Kevin Shows was in Los Angeles on business in 2017. He had some time to kill before his flight home and, as a car guy and collector, was eager to make his first visit to the Petersen Automotive Museum.

Although he didn’t really have enough time before his flight to see all the museum had to offer, he paid extra to take the tour of “The Vault,” the Petersen’s previously secret underground storage facility.

In The Vault, “sort of sitting off by itself,” as Shows recalls, was a Porsche 928. “The tour blew right past, but I knew what the car was as soon as I saw it.”

The car was the Porsche 928 that Shows had seen years before as a teenager enthralled by the Tom Cruise movie, Risky Business. Shows, now 43, grew up watching — and being influenced by — Tom Cruise’s movies. Indeed, Shows became an airline pilot and instructor after watching Top Gun.

“I had to head to the airport, so I didn’t do the whole tour,” Shows recalled, “but they did say this was the car from the movie.”

Shows inquired with the tour guide, and then with people staffing the museum admission desk, seeking to learn who owned the Porsche. He was told sharing such information was against museum policy. 

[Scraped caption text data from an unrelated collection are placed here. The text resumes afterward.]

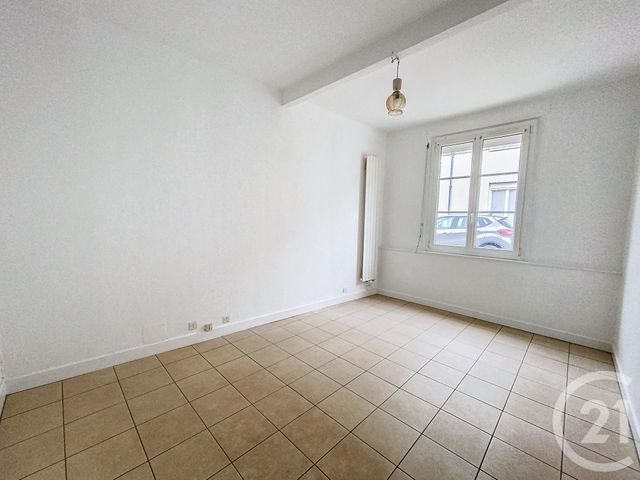 Appartement T3 à vendre - 3 pièces - 71.67 m2 - LA MEMBROLLE SUR CHOISILLE - 37 - CENTRE - Century 21 Centre Habitat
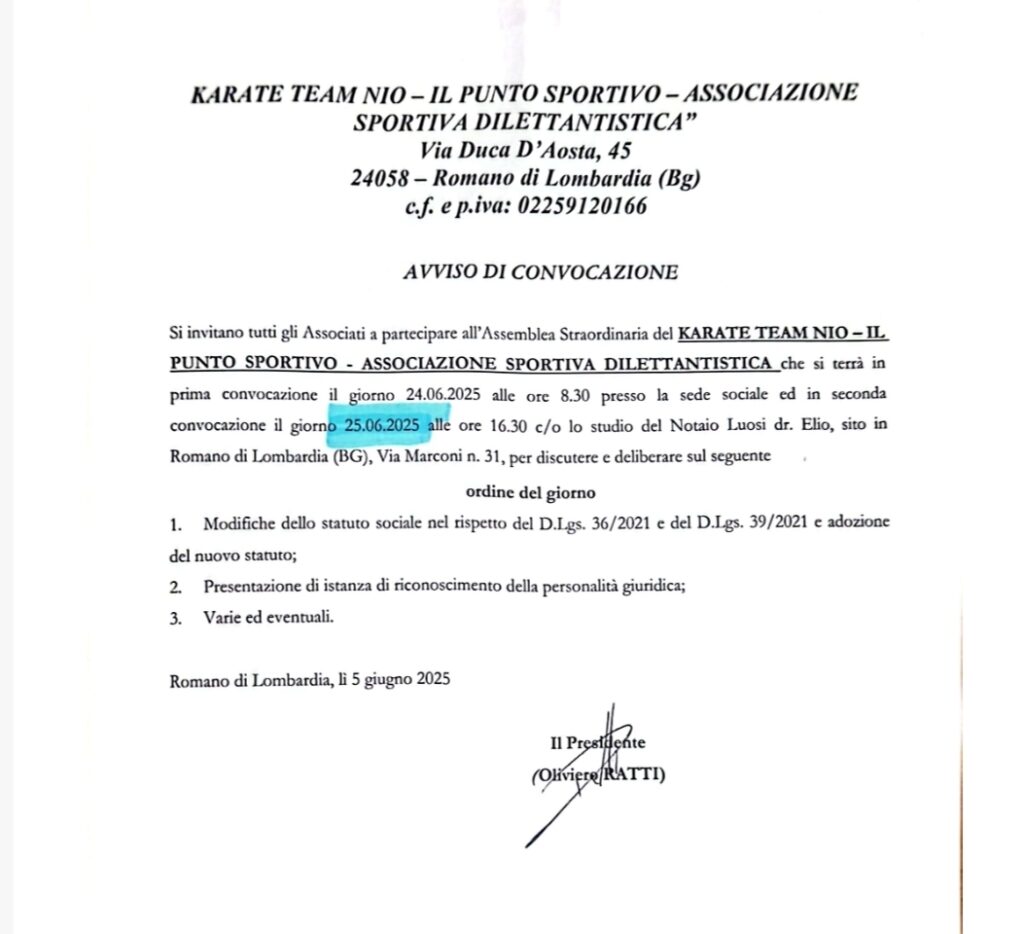 inserito 07.06.25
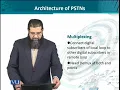 Data Visualization CS642 - Topic005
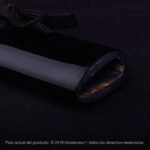 Katana Kensei Seki - Imagen 11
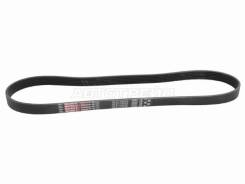   Gates 6PK1030SF 6PK1030SF 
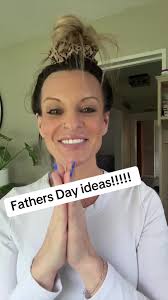 trusttheprocess_vsg (@trusttheprocess_vsg)'s video of Father's Day Gifts  Ideas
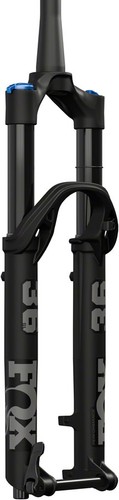 Forcella sospensione fox - sospensione, sl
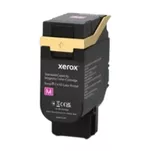 XEROX toner 006R04766 C410 C415 oryginalny magenta 7000 stron - 3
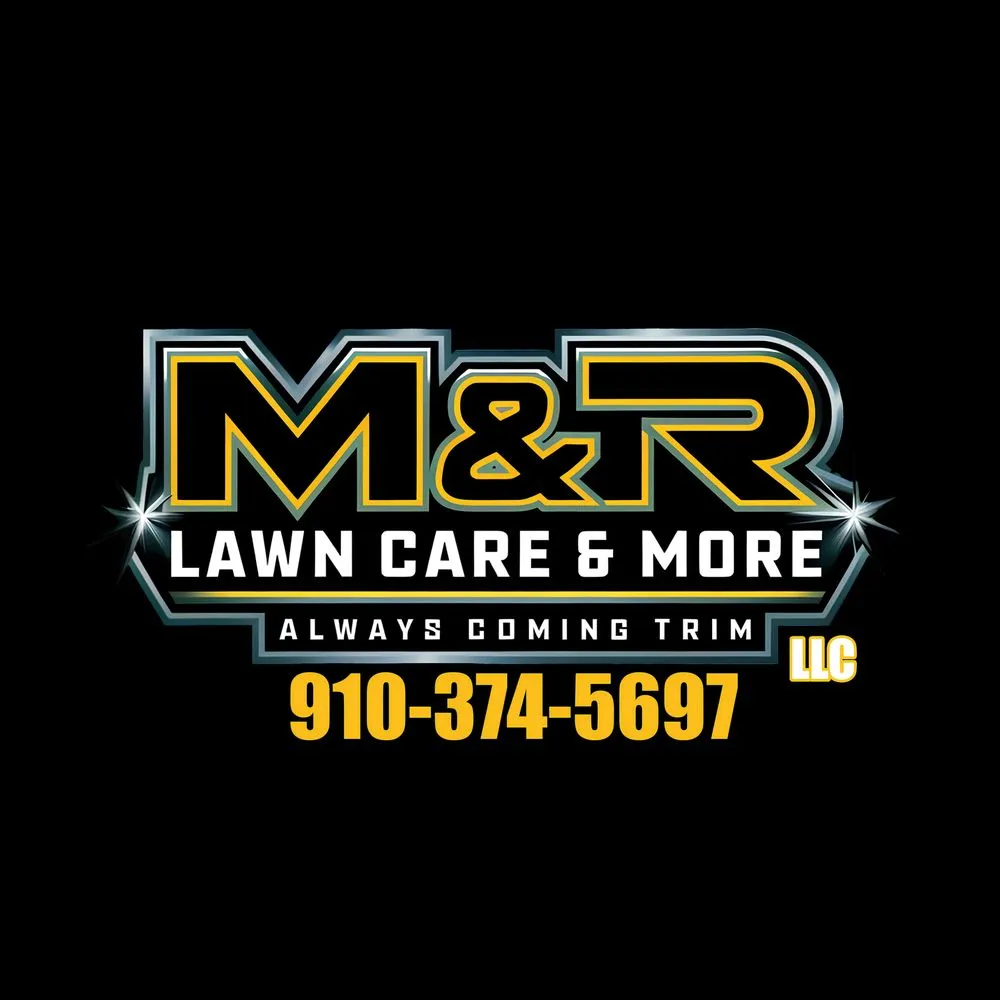Custom outdoor landscaping experts serving Saint Pauls, NC - M&R Landscaping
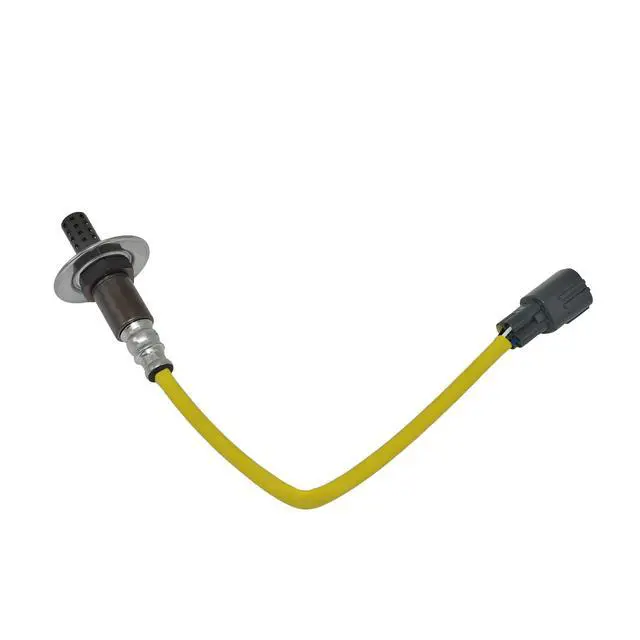 Alt view image 5 of 7 - Oxygen sensor 22690-AA960 General cargo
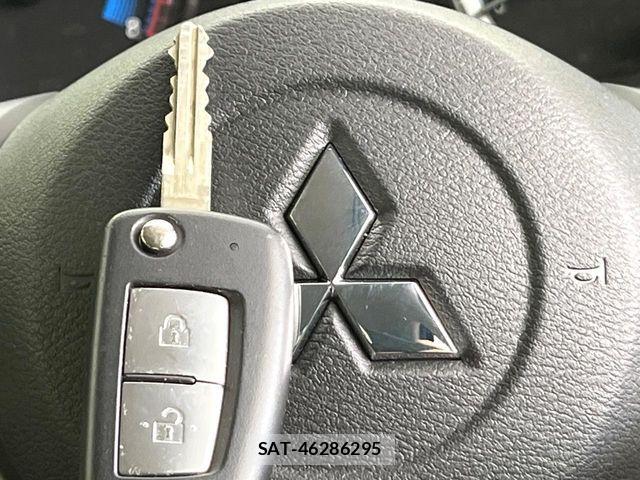 Mitsubishi EK WAGON 2024-12 7326871-4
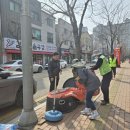 평택-평택-26 이미지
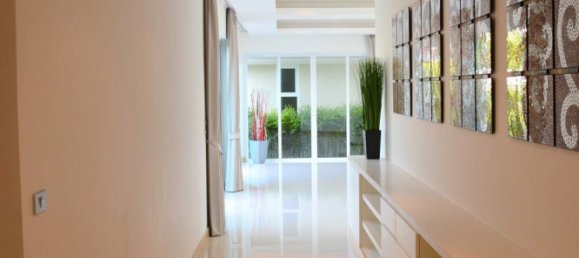 3 bedrooms Cafe / restaurant in Pattaya, Thailand No. 19369 6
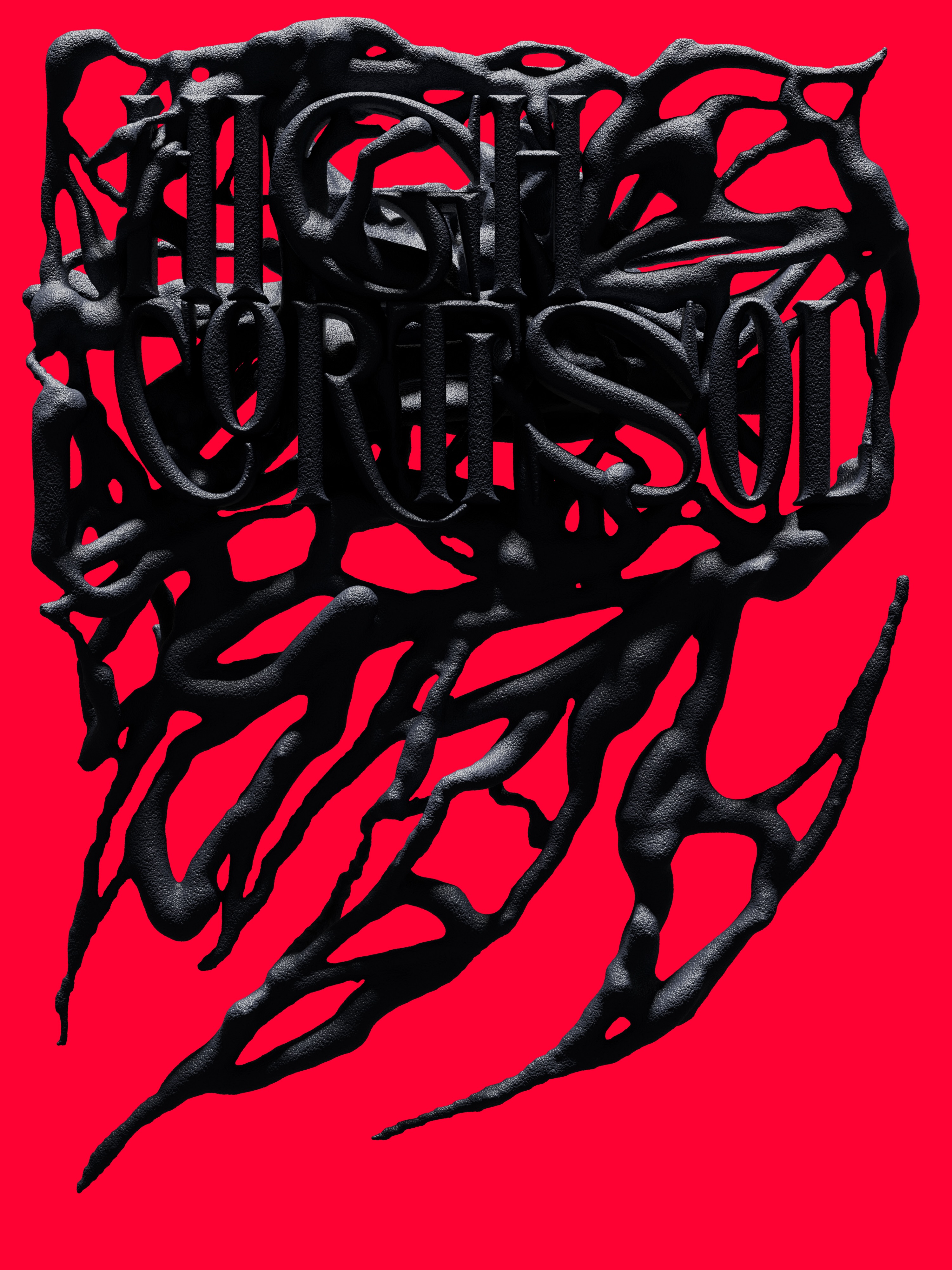 Photo by Daniel Martos on August 05, 2026. May be an illustration of text.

The ‘Risky Business’ Porsche

Like Kevin Shows, Lewis Johnsen had been a teenager impacted by Risky Business. The movie helped to convince Johnsen to go to college. He studied communications at the University of Colorado, did an internship at an NBC-affiliate television station, and hosted and produced a home-improvement show before working in corporate marketing. 

Throughout, he remained fascinated by the Risky Business 928 and produced a documentary, The Quest for the RB928, about his search for the 928 from the movie.

One thing he learned was that as many as half a dozen 928s had been used in filming and post-production promotion of the movie. According to an article in Excellence, the Porsche-focused magazine, the cars came from various model years, were in various colors, and varied in manual or automatic transmissions.

The Excellence article reports that only two of those may still exist, and one was damaged and sold to an overseas owner. Known to the film crew as the “fill car,” a 1979 928 with a 5-speed manual transmission and gold interior not only was featured in the movie, but producer Jon Avent said it was the car in which he had taught Cruise how to manipulate a manual gearbox. 

Because the car was a 1979 model, and because Platinum Metallic was a new color for the 928 in 1981, the car was repainted for the movie and was used in scenes where the entire car needed to be shown. It also was used in parts of the chase scene, according to the Excellence article. 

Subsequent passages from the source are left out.